John Calvin Commentary


John Calvin Commentary
"and being fully assured that what he had promised, he was able also to perform." — Romans 4:21 (ASV)
That what He had promised, etc. As all people acknowledge God’s power, Paul seems to say nothing very extraordinary about the faith of Abraham; but experience proves that nothing is more uncommon or more difficult than to ascribe to God’s power the honor it deserves. Indeed, there is no obstacle, however small and insignificant, by which the flesh imagines God’s hand is restrained from working.
Therefore, in the slightest trials, the promises of God slip away from us. When there is no challenge, it is true, no one, as I have said, denies that God can do all things; but as soon as anything comes to hinder the course of God’s promise, we cast down God’s power from its eminence.

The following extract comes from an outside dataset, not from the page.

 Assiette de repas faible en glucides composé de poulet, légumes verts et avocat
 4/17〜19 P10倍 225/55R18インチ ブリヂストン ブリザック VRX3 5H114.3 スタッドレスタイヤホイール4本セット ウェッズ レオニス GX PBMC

Therefore, so that God’s power may receive from us its due right and honor, when a challenge arises, we should resolve this: that His power is as capable of overcoming the world’s obstacles as the sun’s strong rays are of dissipating mists.
We are indeed usually accustomed to excuse ourselves, saying that we detract nothing from God’s power whenever we doubt His promises. We commonly say, “The thought that God promises more in His word than He can perform (which would be a falsehood and blasphemy against Him) is by no means the cause of our hesitation; rather, it is the defect we feel in ourselves.” But we do not sufficiently exalt the power of God unless we believe it to be greater than our weakness.
Faith, then, should not focus on our weakness, misery, and defects, but should fix its attention entirely on the power of God alone. For if faith depends on our righteousness or worthiness, it can never rise to consider God’s power. And it is a proof of the unbelief he had previously spoken of, when we measure the Lord’s power by our own standard.
For faith does not merely think that God can do all things, and then, in its own conception, leave Him sitting still. On the contrary, faith regards His power as being in continual exercise and applies it, especially, to the fulfillment of His word. For the hand of God is always ready to perform whatever He has declared by His mouth.
It seems strange to me that Erasmus approved of the relative pronoun in the masculine gender; for although the meaning is not changed, we can still come closer to Paul’s Greek wording. The verb, I know, is passive, but the abruptness can be lessened with a small change.